But mostly, the reader will be bowled over by the lush images of Schiaparelli's 1930s goddess gowns, suit jackets with linebacker shoulders (later adopted by Hollywood costume designer Adrian), lamb chop- and shoe-shaped hats, as well as Prada's chiffon dresses emblazoned with illustrations of whimsical fairies and school-girl skirts in lip prints or bearing nostalgic "tourist" designs of Rome and Venice.
Portrait of a gentleman
"The Gentry Man: A Guide for the Civilized Male" (Harper Design, $19.99) is a selection of articles Hal Rubenstein culled from Gentry magazine, which published just 22 quarterly issues from 1951 to 1957. Rubenstein, fashion director of InStyle and founder-editor of Malcolm Forbes' Egg magazine (to name just two publications) is more than qualified to pluck out and dust off the best gems from the U.S. men's title.
Organized by subject (what every man should know; style; home, cars and travel; food and drink; sports; and art and culture), it's a book crammed with all manner of helpful hints. Some are delightfully antiquated, such as the travel suggestion that has one pointing the Nash Rambler Cross Country Station Wagon toward Cooperstown, N.Y. (where double rooms with a bath at the Otesaga could be had for $2 to $30 daily), or pointers on what suitcase can help you stay within an 88-pound allowance for round-the-the-world flights.
But there are also a goodly number of timeless tips, such as "How You Can Checkmate in Seven Moves," how to add a jaunty touch to your formal footwear (style your shoes with removable bows — "the white ones to be worn with a white dinner jacket, change to red when midnight-blue or black tuxedo is worn."), rules for slalom ski racing and pointers on building your own golf course.
The question, of course, is why would any modern-day man want to browse half-century-old style and etiquette advice in the first place? Precisely because it's been sitting on the shelf for five decades, and no one (besides, perhaps Rubenstein) has any skin in the game.

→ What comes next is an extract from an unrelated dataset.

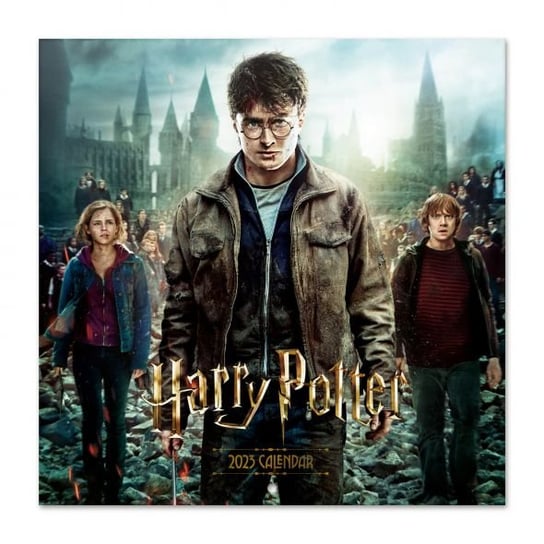 Kalendarz ścienny 2023 Harry Potter kalendarze na ścianę 30x30 cm Grupo Erik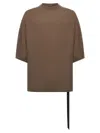 Rick Owens Grey Tommy T Cotton T-shirt In Grey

Whether it's style ("Serge Obolensky supports his deep rust linen slacks with [a] colorful necktie belt"), how to mix a Buckingham cocktail (recommended by one Salvatore Bertocci, the head barman at the Savoy Plaza, it consists of 2 ounces gin and a dash of Scotch) or fire up a New Year's supper of broiled veal kidney with béarnaise sauce, it's a lifestyle perfectly preserved not in amber but in the pages of a defunct magazine that would have been right at home on the coffee tables of "Mad Men's" Cooper Sterling Draper Pryce crowd.
No matter that much of the information (or versions of it) could probably be found by a quick prowl of the vast savannah of the Internet. That the book's contents have already been double-distilled — once by Gentry's staff and its founder, editor and publisher William Segal, and a second time by Rubenstein — make for a cultural cocktail that today's man will find a refreshing change from the status quo.